A: Yes. Without Joe, there would never have been a Cookie Crisp.
Q: What has four legs in the morning, two legs in the afternoon, and three legs in the evening?
A: Man (infant crawls on all four in the morning like the dog he is, adult prepares traditional Hungarian dish of stuffed cabbage with meat and potatoes (blanched, sliced lengthwise, then salted generously) in the afternoon, oil portrait of an elderly woman rests on a painter’s easel in the evening.
Q: Joe has made mention of his past in advertising. Anything we would recognize?
A: During his short but prolific stint as a slogan-writer, Joe is best known for intelligent, winsome jingles like, "The Black & Decker Leaf Blower King: Because Isn’t It Time You Turned Over 300 New Leafs?" and "Extra Strength Tylenol: Imagine A World Where Everyone Shut Their Fat Goddamn Traps For A Change."
Q: Does Joe play guitar?
A: Yes, but he only solos, that's it.
Q: If Joe's in the kitchen what's going on?
A: A most delicious thing.
Q: Where are my keys?
A: Go to wherearemykeys.com to get all the information you need on key location and hot teens.
Q: Is the house in Amityville really haunted?
A: Of course, otherwise Dimension Films wouldn't have made such a thrilling remake about it. The Amityville Horror
in theaters now.
Q: Can I get a ride?
A: Um, I guess. How far are you going?
Q: Will Joe Garden address my Chamber of Commerce?
A: Joe's live appearances have been known to boost sales efficiency by 70% and are an inspiration to all, no matter what the profession. His rates are reasonable and affordable. Contact the Greater Talent Network for more information.
Q: Is sour cream extra?
A: Always.
Q: Where does Joe buy his clothes?
A: Joe doesn't buy clothes as much as obtains them.
Q: What's in a name?
A: That which we call a rose by any other name would smell as sweet.
Q: Why do I have so many shoes? I have an entire closet full of shoes. I have work shoes, church shoes and slippers. When I'm feeling lazy I have loafers. I also have tennis shoes, even though I've never played tennis. Do I really need this many pairs of shoes?
A: Ladies and gentlemen
Andy Rooney.
Q: I missed The O.C. last week. What happened?
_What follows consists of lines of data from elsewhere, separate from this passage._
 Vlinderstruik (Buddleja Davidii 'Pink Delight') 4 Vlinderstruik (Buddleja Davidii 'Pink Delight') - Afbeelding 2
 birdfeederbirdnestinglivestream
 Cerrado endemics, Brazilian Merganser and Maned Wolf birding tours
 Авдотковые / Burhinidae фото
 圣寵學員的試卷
A: Marissa threw a birthday party for Trey at Caleb's mansion, hoping to help the two forge a relationship; Summer discovered Reed's true identity, leaving Seth in hot water.
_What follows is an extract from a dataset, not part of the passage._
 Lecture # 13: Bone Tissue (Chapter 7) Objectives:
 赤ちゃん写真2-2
Q: What will the weather be like?
A: Tomorrow expect partly sunny skies with a high of 60 degrees and a wind from the south-southwest at 7 to 10 MPH. Our current temperature is 58. We have some classic Zeppelin on the way next.
Q: How old is Joe in dog years?
A: You insensitive jerk, a dog killed Joe’s mother.
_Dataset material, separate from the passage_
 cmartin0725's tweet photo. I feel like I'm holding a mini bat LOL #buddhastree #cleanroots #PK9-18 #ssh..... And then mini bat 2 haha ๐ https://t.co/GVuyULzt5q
Q: Will Joe endorse my product?
A: Joe is an avid student of the Paul Harvey school of broadcast shilling, and will not only endorse your product, he’ll make it seem like it’s part of the news. For, of course, a nominal fee.
Q: I think he’s kind of cute. Is Joe single?
A: Yes, provided this fact makes him more appealing to your viewing habits, but not if it actually comes to making out with him or anything.
Q: What does Joe think of comedians who work blue?
A: Joe thinks comedians who work blue deserve to get skull-fudged.
Q: Is it true that once every hundred years, the constellations Ursa Major and Cassiopia align in such a way that an uncanny representation of Joe Garden’s face is pasted across the heavens?
A: Yes.
Q: How would you grade this copy of Dazzler #1?
A: Huh. Spine looks good. No creases or tears. Signed by Jim Shooter. Nice! Oh, you drew Tippy, though. Or is that the pirate? See, you’re not supposed to do that in the actual comic book. Use a separate piece of paper. I was going to say near mint, but I’m downgrading it to good. I’ll give you 15 cents for it.
Q: Where does Joe live?
A: Deep down inside every Christian man, woman and child, in a rent-stabilized apartment with his wife and their cat.
Q: Is there an easy way for me to look up a question in order to find specific information in this FAQ?
A: Absolutely. For specific pointers on conducting searches on this page, please see our FAQ FAQ.
Q: I can’t seem to find an exciting cheese snack for my family. Joe, do you have any suggestions?
A: I recommend Cheetoe’s brand cheese puffs. Crunchy or puffed, they’re loaded with real cheddar cheese flavor.
Q: Is it true that while giving his inaugural address, Joe refused to wear a hat in sub-zero temperatures, contributing to his falling ill and dying after only 30 days in office?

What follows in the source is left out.